Private Affiliate programs are ones you control completely, from who you let be an affiliate, to the logistics of clicks, payouts, refunds, etc. and you can leverage a service like HasOffers for that.
Public Affiliate Programs use networks like ShareASale, Commission Junction, Clickbank, or JVZoo and – while you may have some control over who can promote your offers – think of these networks as having built-in distribution (they’re a two-sided marketplace model), but it’s distribution that is one-step removed from your control. For that simple reason, you probably don’t want to start there.
Once you run your limited, private Affiliate Program for a bit you’ll figure out from quickly if you want to roll it out to the public, keep it private but expand it, change it completely, or kill it.

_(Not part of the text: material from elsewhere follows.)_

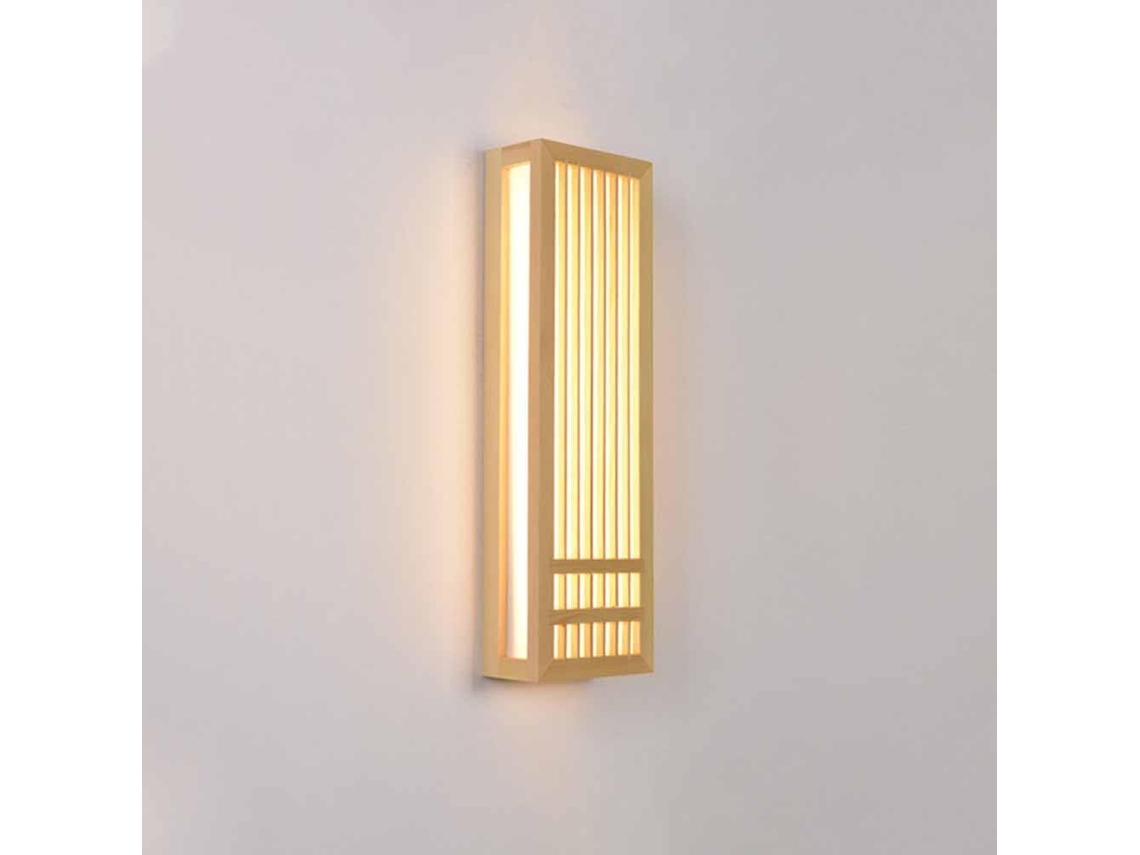 Aplique De Parede Madeira E Acrílico Estilo Retro Para Quarto E Cabeceira
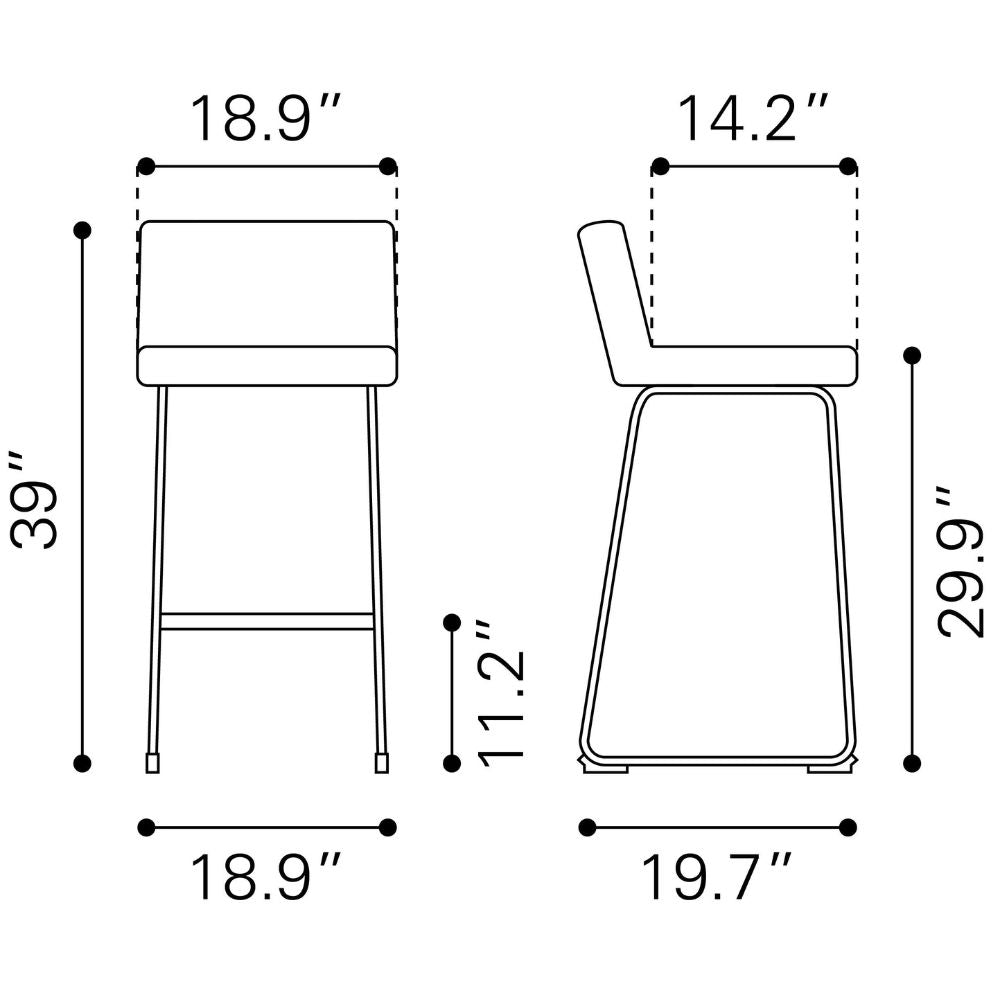 Pago Barstool (Set of 2) Brown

As for the specifics of your payout scheme… without knowing more about your situation, I can’t give you an answer other than it depends, though I’m happy to help you figure that out.
Since I published this, I received another email saying this:
“I could go with an affiliate network like shareasale or CJ where you get put in front of power marketers…”
I would challenge you on the fact that you don’t get in front of power marketers without using a network.
Super Affiliates and the like might promote things that use JVZoo or Clickbank – often because they trust the inner workings of the network to protect their commissions rather than leaving it up to the vendor who they might not trust yet – but I guarantee you, 110%, that the initial connections to big-time, power affiliates happen outside the network.
It happens at events, through introductions and mutual friends / JVs (this is primarily how this works), emails, etc. People talking to people IRL.
Now, this could vary from niche to niche, of course, but in my experience top-tier affiliate marketers don’t promote stuff based solely on what they see on CB…
…in fact, things that drive the long-tail on ClickBank – take their “gravity” metric – is most often highly-orchestrated through JVs with super-affiliates just so the “retail” affiliates will start promoting their stuff.
If I were in your shoes, I’d get my stuff converting well, run my own program initially, actively recruit folks I’d like to sell for me (those who I think would do well and be a boon to my brand), work with them and learn from them, then rinse and repeat from there.